Poética fluvial

Por Avellanal

Entre Ríos, mi provincia, ha sido, dentro de la geografía nacional, una tierra que ha hecho aportes trascendentes para las letras argentinas. El abanico de autores nacidos o arraigados en la provincia es amplio, variado y abarcativo de diversos géneros. Existen, indudablemente, nombres insoslayables que vienen de forma automática a la memoria, como el de los poetas Juan L. Ortiz, Carlos Mastronardi, Guillermo Saraví y Alfonso Sola González, por nombrar sólo a unos pocos que cubrieron un período que consiguió elevar la lírica local a niveles de una calidad indiscutida.Y claro, no olvidemos tampoco que Jorge Guillermo Borges, el responsable de la formación literaria de su hijo Georgie, también nació en estas tierras de caudillos y pescadores.

Esos poetas y narradores, como Fray Mocho, Martiniano Leguizamón, Delio Panizza y otros, jalonaron la historia de la literatura entrerriana durante largo tiempo y con una vigencia que permanece. Hubo constantes dentro de las líneas temáticas de muchos de ellos: nuestra historia, nuestra geografía y la permanente nostalgia por el edén perdido, marcan los temas que directa o indirectamente transitan muchos de nuestros ilustres antepasados. Los combates intestinos, la mitología del heroísmo y muerte de Pancho Ramírez, las luchas urquicistas, los levantamientos como el último grito del federalismo de Ricardo López Jordán, a lo que se deben unir épicos y legendarios luchadores como Velázquez, han logrado que la imaginación de los escritores vuelquen sus preferencias por el rescate histórico.

El paisaje entrerriano, naturalmente, es otro de los elementos esenciales en las letras de nuestros escritores. Los grandes ríos que convierten a nuestra provincia en una gran hembra fluvial; los mil surcos de agua, los arroyos, lagunas y esteros, el delta y las islas, son elementos que motivan, junto con las colinas y elevaciones que se encuentran en la topografía que nos enseñaban en el colegio. Y los médanos y aridez que muestra Manauta en Las tierras blancas o María Esther de Miguel (la primera comprovinciana que recuerdo haber leído) en La hora undécima. El drama de las crecientes y la lucha por subsistir de los habitantes de las islas es magistralmente reflejado por la misma autora en algunos cuentos de Los que comimos a Solís o en El país de los chajás de Martín del Pospós.
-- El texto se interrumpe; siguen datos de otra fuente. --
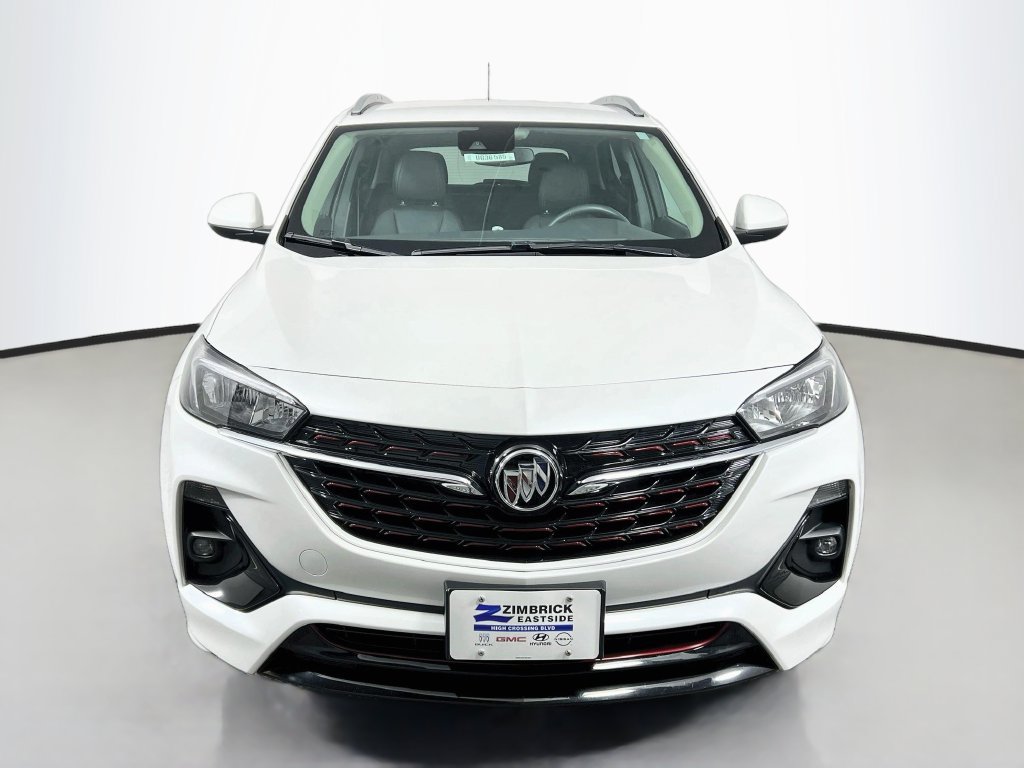 Used 2022 Buick Encore GX Select w/ Sport Touring Package FWD image 2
Esas vivencias componedoras de la entrerrianía marcan a nuestros escritores de una manera indudable. Y, pese a las nuevas voces que brotan, observo que hay persistencias en cuanto a los temas (no debería dejar de mencionar a la malograda Celeste Mendaro, quien, con su última novela, rompió en algún modo con la tradición novelística entrerriana, acercándonos una obra por demás valiosa, con reminiscencias, desde estos pagos, de Virginia Woolf). Sucede que, para los entrerrianos no es sencillo desprendernos de los cauces de agua como marco, ni mucho menos dejar de lado la tensión política surgida en estas tierras e indisolublemente ligada a la gran historia argentina. De lo contrario, que lo explique Juan L. Ortiz: 

Regresaba
-¿Era yo el que regresaba?-
en la angustia vaga
de sentirme solo entre las cosas últimas y secretas.
De pronto sentí el río en mí,
corría en mí
con sus orillas trémulas de señas,
con sus hondos reflejos apenas estrellados.
Corría el río en mí con sus ramajes.
Era yo un río en el anochecer,
y suspiraban en mí los árboles,
y el sendero y las hierbas se apagaban en mí.
¡Me atravesaba un río, me atravesaba un río!